Ketika hati manusia dipenuhi rasa bahagia dan sukacita, biasanya kegembiraan itu akan terpancar ke wajah, terwujud dalam gerak, serta terlihat dalam amal dan perilaku. Maka demikian pula halnya dengan kita, umat Islam, ketika menyambut kelahiran Nabi Muhammad ﷺ. Rasa bahagia dan syukur itu sepatutnya kita tunjukkan dengan cara yang mulia: memperbanyak ibadah, ketaatan, serta mendekatkan diri kepada Allah ﷻ.

Bentuk kegembiraan itu bukan hanya sekadar ekspresi lahiriah, tetapi terikat pada sunnah dan teladan beliau. Sebagaimana diriwayatkan dalam hadis sahih Muslim, ketika Rasulullah ﷺ ditanya tentang puasa hari Senin, beliau menjawab:

ذَاكَ يَوْمٌ وُلِدْتُ فِيهِ
“Itu adalah hari aku dilahirkan.” (HR, Muslim)

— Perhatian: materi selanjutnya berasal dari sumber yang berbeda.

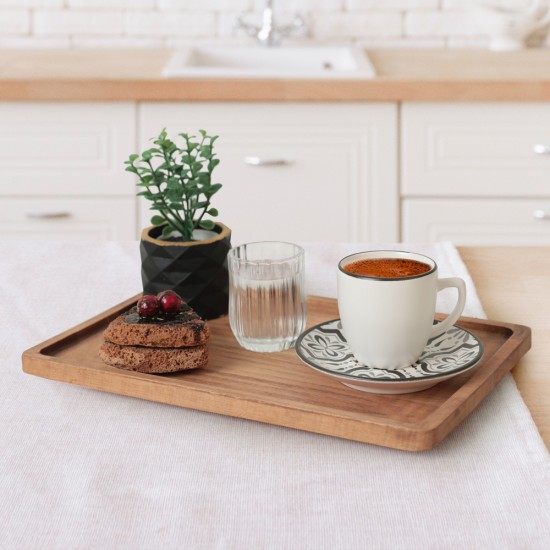 Комплект 6 чаши за кафе с чинийки, Keramika, керамични, Black-White, 95 ml, 12 cm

Jawaban Nabi ﷺ ini memberikan dasar yang kuat: mengaitkan kelahiran beliau dengan amal ibadah. Seorang muslim dapat berpuasa pada hari Senin sebagai ungkapan syukur kepada Allah ﷻ atas anugerah kelahiran Rasul terakhir, rahmat bagi seluruh alam.

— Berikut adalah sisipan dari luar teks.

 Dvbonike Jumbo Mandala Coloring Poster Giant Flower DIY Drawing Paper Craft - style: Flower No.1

Lebih dari itu, dalam sejarah kita mendapati landasan lain. Ketika Nabi ﷺ hijrah ke Madinah, beliau mendapati kaum Yahudi berpuasa pada hari tertentu. Beliau bertanya mengapa mereka berpuasa. Mereka menjawab: “Kami berpuasa sebagai bentuk syukur kepada Allah karena Dia telah menyelamatkan Mūsā dan membinasakan Fir‘aun.” Maka Nabi ﷺ bersabda:

نَحْنُ أَحَقُّ بِمُوسَى مِنْكُمْ
“Kami lebih berhak atas Musa daripada kalian.” (HR Bukhari dan Muslim)

Lalu beliau berpuasa dan memerintahkan umat Islam untuk berpuasa pada hari itu.

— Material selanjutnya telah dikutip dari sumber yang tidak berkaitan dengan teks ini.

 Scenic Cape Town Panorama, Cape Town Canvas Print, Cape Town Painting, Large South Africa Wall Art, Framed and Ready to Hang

Inilah logika syukur yang diajarkan Nabi ﷺ. Jika kaum Yahudi saja mensyukuri nikmat keselamatan Mūsā dengan ibadah, maka kita sebagai umat Islam jauh lebih layak mensyukuri kelahiran Muhammad ﷺ dengan amal saleh, ibadah, dan ketaatan.

Maka, perayaan Maulid bukan sekadar seremoni. Ia adalah ekspresi cinta, rasa syukur, dan kebahagiaan yang diterjemahkan dalam amal nyata: memperbanyak doa, sedekah, salawat, tilawah, qiyām, bahkan puasa. Semua itu adalah bentuk syukur kepada Allah ﷻ, sebagaimana diajarkan langsung oleh Rasulullah ﷺ. RA(*)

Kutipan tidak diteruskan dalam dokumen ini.